→ AIM OF THE EXERCISE:
Using the listing below, print the line containing "CFC Vancouver Office", the line containing "Gothic: Classic Khorinis", and each line between them, exactly and nothing else. Pictures stay out of the print.

→ PROVIDED DATA:
****************

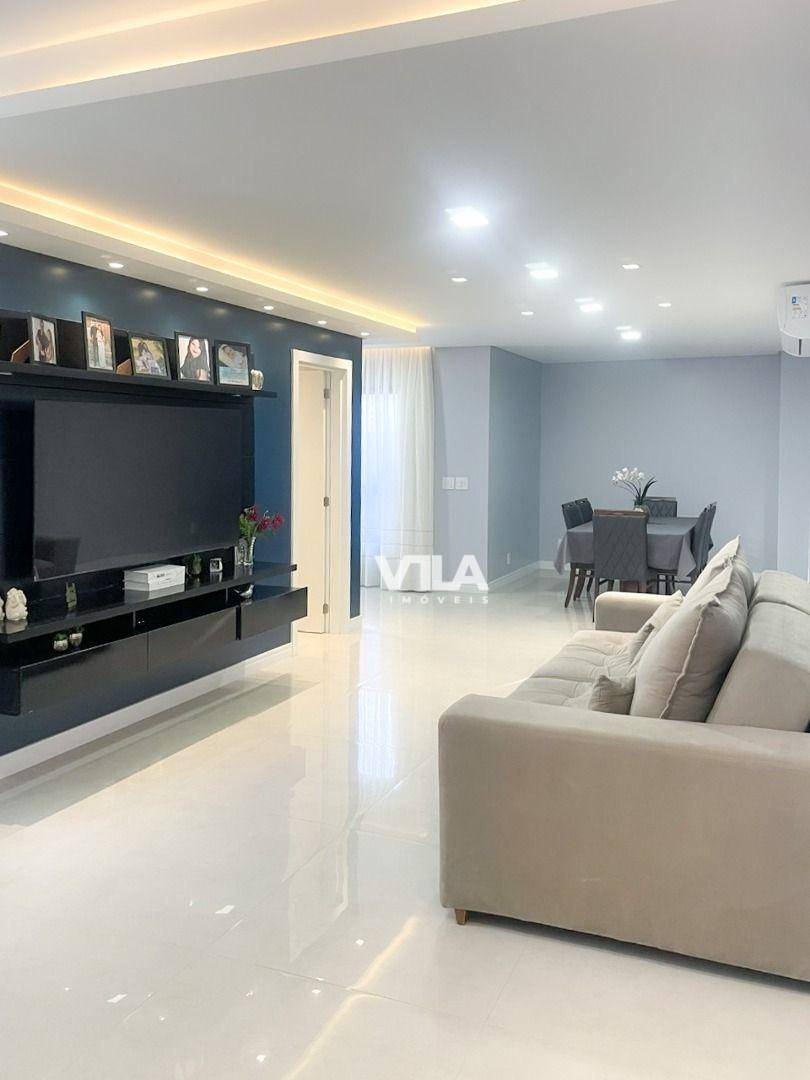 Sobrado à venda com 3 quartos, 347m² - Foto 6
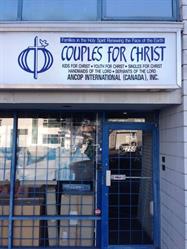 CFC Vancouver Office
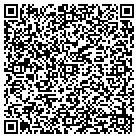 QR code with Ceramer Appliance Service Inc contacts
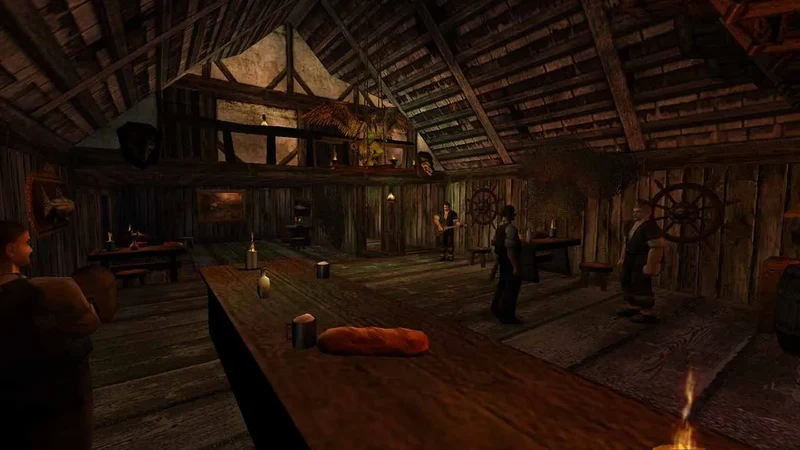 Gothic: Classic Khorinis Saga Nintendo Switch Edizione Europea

****************

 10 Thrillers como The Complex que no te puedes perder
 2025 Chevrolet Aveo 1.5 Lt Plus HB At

****************

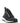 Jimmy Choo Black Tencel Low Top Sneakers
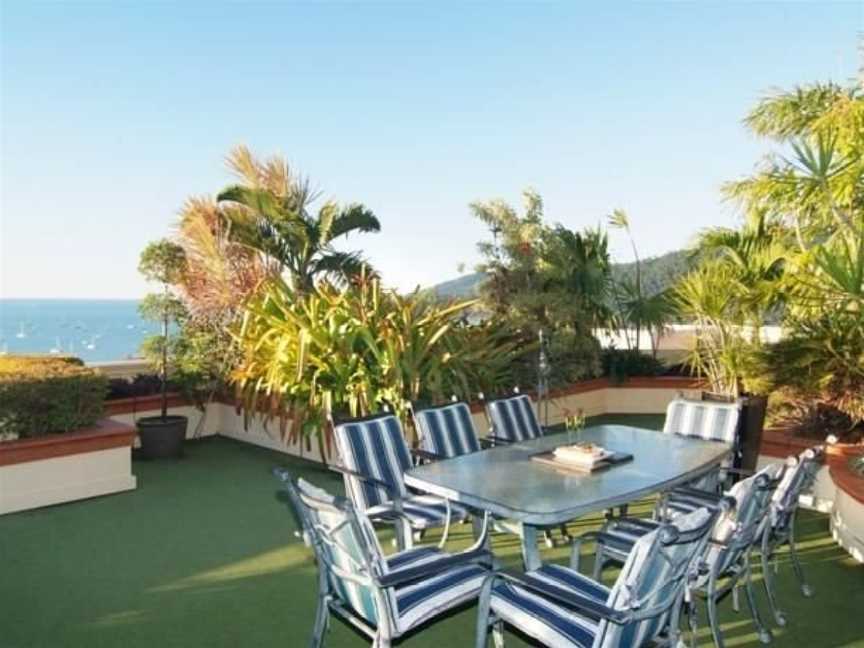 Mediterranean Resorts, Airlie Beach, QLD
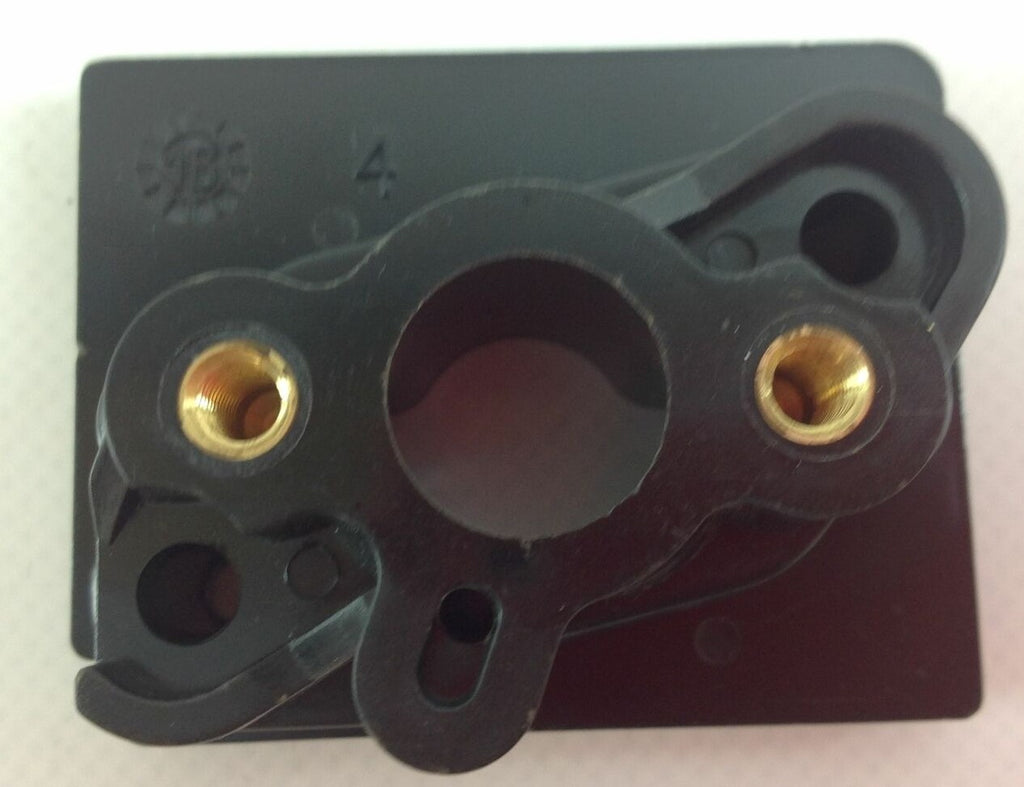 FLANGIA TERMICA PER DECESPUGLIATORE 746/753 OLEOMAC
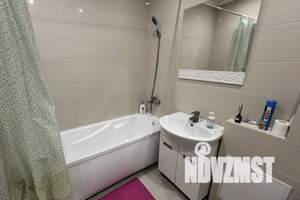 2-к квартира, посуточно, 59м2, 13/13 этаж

****************

→ EXERCISE SOLUTION:
 CFC Vancouver Office
 QR code with Ceramer Appliance Service Inc contacts
 Gothic: Classic Khorinis Saga Nintendo Switch Edizione Europea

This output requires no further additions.